Minority Business Enterprise Programs

Supreme Court Applies Strict Scrutiny

In public contracting, the courts have done the most to reduce the scope of constitutional latitude within which state and federal agencies may promote equal opportunity. In Richmond v. J.A. Croson, Co. (1989) the Supreme Court struck down Richmond, Virginia’s minority contracting program as unconstitutional. In 1995, the Supreme Court applied the same standard of review, the strict scrutiny standard, to a federal procurement program and held that such a program established to increase the participation of minorities and women must be justified by a compelling state interest and be narrowly tailored to further that interest. This case is known asAdarand Constructors v. Pena, later styled Adarand v. Mineta.

"Mend it, don't end it"

In 1995, President Clinton gave his famous affirmative action speech at the National Archives

"The Job of Ending Discrimination in This Country Is Not Over"

"The purpose of affirmative action is to give our nation a way to finally address the systemic exclusion of individuals of talent on the basis of their gender or race from opportunities to develop, perform, achieve and contribute. Affirmative action is an effort to develop a systematic approach to open the doors of education, employment and business development opportunities to qualified individuals who happen to be members of groups that have experienced longstanding and persistent discrimination."

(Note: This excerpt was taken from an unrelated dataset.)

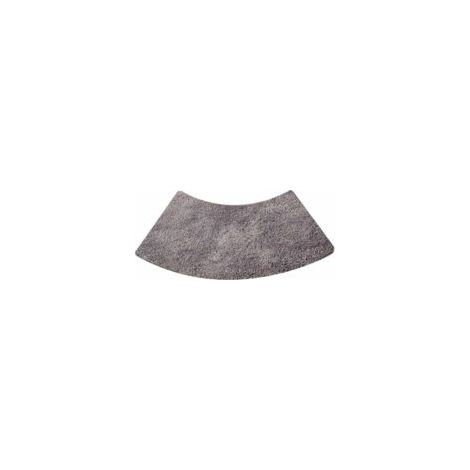 Tapis de douche rond festonné, tapis de douche quart de rond en microfibre, lavable en machine, antidérapant, gris, 45x100cm - Crezuo (1/4)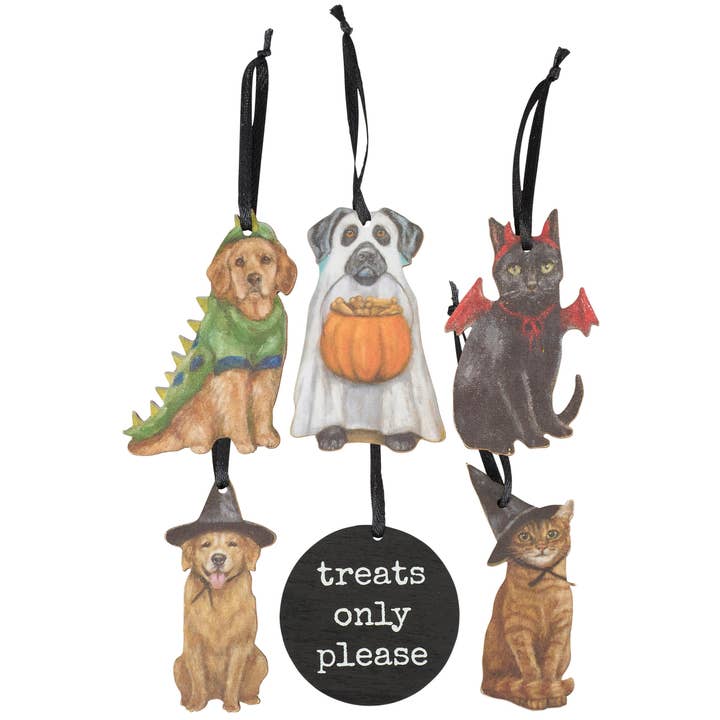 Costumed Pet Mini Ornament Set for wholesale by Primitives by Kathy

President William Jefferson Clinton speech on affirmative action at the National Archives, July 19, 1995


Supreme Court Justice Sandra Day O'Connor

In Grutter v. Bollinger (2003), O'Connor's majority upheld the narrowly-tailored use of race in college admissions

"A Compelling Interest in Attaining a Diverse Student Body"

"Major American businesses have made clear that the skills needed in today’s increasingly global marketplace can only be developed through exposure to widely diverse people, cultures, ideas, and viewpoints. High-ranking retired officers and civilian military leaders assert that a highly qualified, racially diverse officer corps is essential to national security. Moreover, because universities, and in particular, law schools, represent the training ground for a large number of the Nation’s leaders, … the path to leadership must be visibly open to talented and qualified individuals of every race and ethnicity. Thus, the Law School has a compelling interest in attaining a diverse student body."

Grutter v. Bollinger, 539 U.S. 306 (2003)


Gen. Colin Powell Supports Affirmative Action

Gen. Colin Powell on Affirmative Action

“Equal rights and equal opportunity mean just that. They do not mean preferential treatment...I benefited from equal opportunity and affirmative action in the Army, but I was not shown preference. The Army made sure that performance would be the only measure of advancement. When equal performance does not result in equal advancement, then something is wrong with the system, and our leaders have an obligation to fix it. If a history of discrimination has made it difficult for certain Americans to meet standards, it is only fair to provide temporary means to help them catch up and compete on equal terms. Affirmative action in the best sense promotes equal consideration, not reverse discrimination.”